Łukasz Kadziewicz: Interesują mnie tylko moje mecze

Łukasz Kadziewicz był jednym z bohaterów czwartkowego mecz z Serbią. Po spotkaniu środkowy reprezentacji Polski powiedział, że Polacy nie mogą popadać w hurraoptymizm i powinni się skupić na kolejnym przeciwniku.

Przemysław Jastrzębski
Przemysław Jastrzębski

- Wygraliśmy trzy spotkania, ale nie popadamy w żaden hurraoptymizm - powiedział środkowy reprezentacji Polski Łukasza Kadziewicz. - Powiedzmy sobie szczerze Serbia jest drużyną z naszej półki, a Egipt i Niemcy z trochę niższej. Trzeba teraz zagrać z potentatami tego turnieju i zobaczymy co będzie. Mamy ćwierćfinał. Możemy spokojnie teraz dostać dwa razy w nos i nic się nie stanie. Najważniejsze mecze dopiero przed nami.

Łukasz Kadziewicz podkreślił, że nie ma co zbyt daleko wybiegać w przyszłość. Trzeba przede wszystkim skupić się na kolejnym przeciwniku, którym będzie Brazylia.

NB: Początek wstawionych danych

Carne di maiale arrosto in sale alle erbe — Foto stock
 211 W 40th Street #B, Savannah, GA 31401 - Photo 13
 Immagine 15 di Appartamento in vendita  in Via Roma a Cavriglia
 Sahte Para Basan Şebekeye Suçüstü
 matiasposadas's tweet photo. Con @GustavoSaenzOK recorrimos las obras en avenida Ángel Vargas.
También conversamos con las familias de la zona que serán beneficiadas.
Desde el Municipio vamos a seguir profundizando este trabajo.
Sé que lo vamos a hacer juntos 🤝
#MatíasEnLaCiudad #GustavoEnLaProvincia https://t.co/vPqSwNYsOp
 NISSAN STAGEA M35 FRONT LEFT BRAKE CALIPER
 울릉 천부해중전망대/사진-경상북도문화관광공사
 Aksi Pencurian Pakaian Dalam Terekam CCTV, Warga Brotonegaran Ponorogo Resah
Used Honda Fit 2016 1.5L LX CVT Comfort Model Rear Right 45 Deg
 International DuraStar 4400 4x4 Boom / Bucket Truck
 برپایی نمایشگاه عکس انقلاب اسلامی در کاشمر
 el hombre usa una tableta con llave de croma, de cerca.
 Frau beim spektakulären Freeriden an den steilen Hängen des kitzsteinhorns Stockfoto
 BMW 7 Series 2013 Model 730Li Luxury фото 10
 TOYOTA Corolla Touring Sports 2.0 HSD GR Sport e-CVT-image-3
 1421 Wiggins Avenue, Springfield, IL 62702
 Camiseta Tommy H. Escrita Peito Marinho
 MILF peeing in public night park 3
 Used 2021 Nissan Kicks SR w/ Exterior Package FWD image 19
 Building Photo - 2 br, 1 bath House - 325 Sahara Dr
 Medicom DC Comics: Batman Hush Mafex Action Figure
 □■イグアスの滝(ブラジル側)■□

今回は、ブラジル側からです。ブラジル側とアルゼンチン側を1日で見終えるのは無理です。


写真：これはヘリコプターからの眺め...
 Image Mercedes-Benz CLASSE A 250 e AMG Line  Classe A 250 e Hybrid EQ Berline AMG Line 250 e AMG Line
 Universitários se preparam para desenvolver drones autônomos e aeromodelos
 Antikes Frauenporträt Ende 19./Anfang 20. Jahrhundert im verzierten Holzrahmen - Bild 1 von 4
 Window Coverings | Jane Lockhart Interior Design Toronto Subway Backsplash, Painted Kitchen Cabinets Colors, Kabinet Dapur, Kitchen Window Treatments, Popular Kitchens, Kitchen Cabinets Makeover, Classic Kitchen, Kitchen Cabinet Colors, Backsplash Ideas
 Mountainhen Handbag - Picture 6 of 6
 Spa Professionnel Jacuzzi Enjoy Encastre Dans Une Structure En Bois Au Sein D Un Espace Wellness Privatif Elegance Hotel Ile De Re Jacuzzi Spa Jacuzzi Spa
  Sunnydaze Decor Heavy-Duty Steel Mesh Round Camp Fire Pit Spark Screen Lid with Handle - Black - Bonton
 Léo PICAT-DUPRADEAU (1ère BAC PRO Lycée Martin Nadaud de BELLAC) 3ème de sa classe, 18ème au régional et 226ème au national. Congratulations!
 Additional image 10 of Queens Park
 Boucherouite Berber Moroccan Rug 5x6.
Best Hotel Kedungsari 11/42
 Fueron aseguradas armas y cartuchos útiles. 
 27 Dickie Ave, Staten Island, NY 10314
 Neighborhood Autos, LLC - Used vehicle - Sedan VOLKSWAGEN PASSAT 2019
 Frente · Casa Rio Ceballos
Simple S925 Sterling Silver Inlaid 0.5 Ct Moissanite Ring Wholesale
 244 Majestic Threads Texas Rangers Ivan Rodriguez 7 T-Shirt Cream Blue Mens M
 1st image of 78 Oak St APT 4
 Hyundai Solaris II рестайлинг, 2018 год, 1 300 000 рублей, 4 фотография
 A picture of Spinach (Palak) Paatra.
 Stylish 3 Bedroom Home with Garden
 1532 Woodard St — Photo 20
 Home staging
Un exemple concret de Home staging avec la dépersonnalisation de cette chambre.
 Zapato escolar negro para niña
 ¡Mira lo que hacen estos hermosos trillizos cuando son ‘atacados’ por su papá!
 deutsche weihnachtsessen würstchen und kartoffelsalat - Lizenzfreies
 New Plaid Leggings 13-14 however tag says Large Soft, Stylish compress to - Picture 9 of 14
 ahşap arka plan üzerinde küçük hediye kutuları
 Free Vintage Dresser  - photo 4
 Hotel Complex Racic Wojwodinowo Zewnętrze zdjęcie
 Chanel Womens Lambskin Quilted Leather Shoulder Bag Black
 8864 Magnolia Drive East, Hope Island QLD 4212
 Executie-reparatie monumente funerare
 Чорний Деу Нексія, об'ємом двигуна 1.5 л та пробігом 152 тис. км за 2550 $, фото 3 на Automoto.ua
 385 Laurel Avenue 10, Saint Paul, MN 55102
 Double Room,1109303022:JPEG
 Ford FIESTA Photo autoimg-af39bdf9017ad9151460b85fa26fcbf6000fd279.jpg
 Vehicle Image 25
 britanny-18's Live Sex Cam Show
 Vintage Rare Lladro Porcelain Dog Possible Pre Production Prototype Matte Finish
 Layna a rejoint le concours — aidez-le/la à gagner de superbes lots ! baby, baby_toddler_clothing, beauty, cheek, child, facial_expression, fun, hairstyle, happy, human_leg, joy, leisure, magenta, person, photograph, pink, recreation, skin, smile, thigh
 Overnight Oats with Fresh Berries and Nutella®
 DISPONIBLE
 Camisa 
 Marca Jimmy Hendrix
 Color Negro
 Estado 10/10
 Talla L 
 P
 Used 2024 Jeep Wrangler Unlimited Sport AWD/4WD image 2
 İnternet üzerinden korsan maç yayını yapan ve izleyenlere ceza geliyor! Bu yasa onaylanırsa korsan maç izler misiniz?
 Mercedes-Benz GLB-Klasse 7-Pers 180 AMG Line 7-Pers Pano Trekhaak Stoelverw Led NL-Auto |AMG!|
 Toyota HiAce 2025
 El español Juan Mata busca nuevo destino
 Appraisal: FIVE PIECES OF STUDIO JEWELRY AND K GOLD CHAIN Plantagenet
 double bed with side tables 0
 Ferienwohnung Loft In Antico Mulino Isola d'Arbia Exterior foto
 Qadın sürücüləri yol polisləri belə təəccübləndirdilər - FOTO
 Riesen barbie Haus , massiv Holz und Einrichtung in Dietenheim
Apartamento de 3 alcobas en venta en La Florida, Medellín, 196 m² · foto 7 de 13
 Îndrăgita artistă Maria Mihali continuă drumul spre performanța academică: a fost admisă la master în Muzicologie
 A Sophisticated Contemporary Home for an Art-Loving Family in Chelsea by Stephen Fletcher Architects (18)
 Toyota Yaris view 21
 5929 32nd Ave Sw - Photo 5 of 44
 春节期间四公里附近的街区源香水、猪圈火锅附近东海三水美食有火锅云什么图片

- Nie interesuje mnie to czy zajmiemy w tabeli pierwsze miejsce, mówię to szczerze - powiedział Łukasza Kadziewicz. - Wygraliśmy trzy mecze. Wiemy, gdzie jesteśmy i na co nas stać oraz co możemy ugrać.

Zdaniem Łukasza Kadziewicza nie należy na igrzyskach olimpijskich kalkulować. - Trzeba wychodzić i wygrywać, a nie zastanawiać się która drużyna z tamtej grupy będzie łatwiejsza - powiedział środkowy reprezentacji Polski. - Jeżeli przegra jeden mecz, to czyścimy głowy i myślimy o kolejnym przeciwniku. To jest normalne. Drużyna Brazylii ostatnio przegrywa.

Łukasz Kadziewicz nie oglądał nawet fragmentów bardzo ciekawego meczu Rosja - Brazylia (3:1). - Nie interesuje mnie to, nie przyjechałem tutaj jako turysta - powiedział. - Interesują mnie tylko moje mecze, a nie występy innych drużyn.